PROBLEM DESCRIPTION:
Each line below must be set down exactly; omit any image you find.

DATASET EXCERPT:

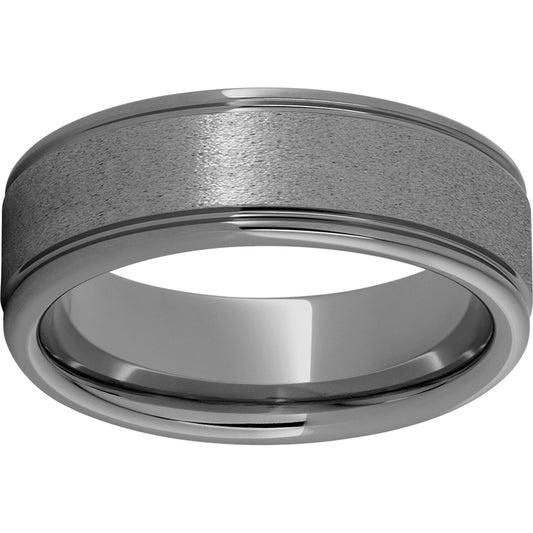 Rugged Tungsten  8mm Rounded Edge Band with Stone Finish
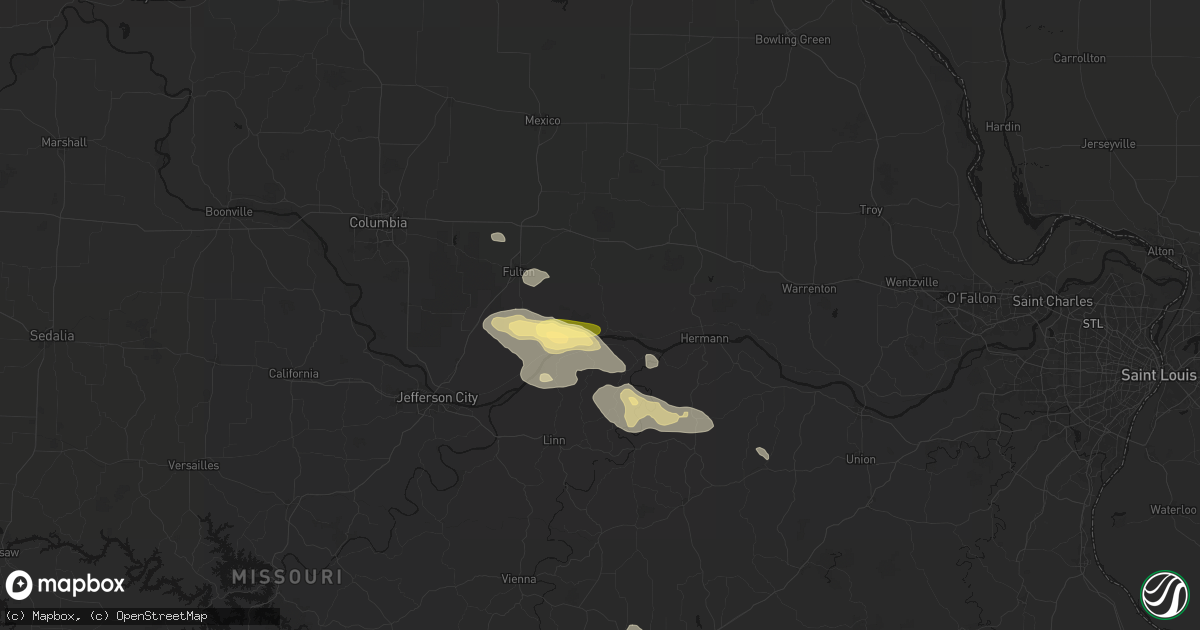 Hail map in Portland, MO on July 31, 2026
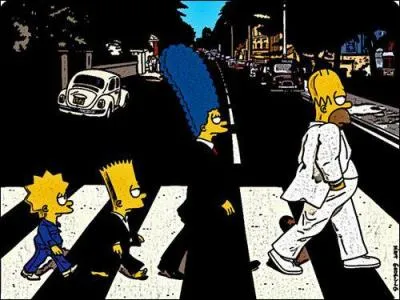 Which band are the Simpsons paying tribute to on this cover?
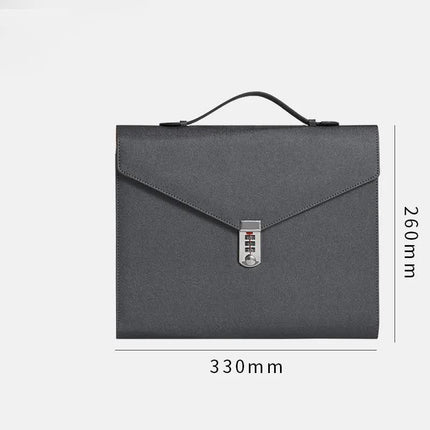 Black Anti-Theft Document Organizer with Secure Password Lock - Waterproof PU Leather Confidential File Bag.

SOLUTION TO THIS TASK:
 Rugged Tungsten  8mm Rounded Edge Band with Stone Finish
 Hail map in Portland, MO on July 31, 2026
 Which band are the Simpsons paying tribute to on this cover?
 Black Anti-Theft Document Organizer with Secure Password Lock - Waterproof PU Leather Confidential File Bag.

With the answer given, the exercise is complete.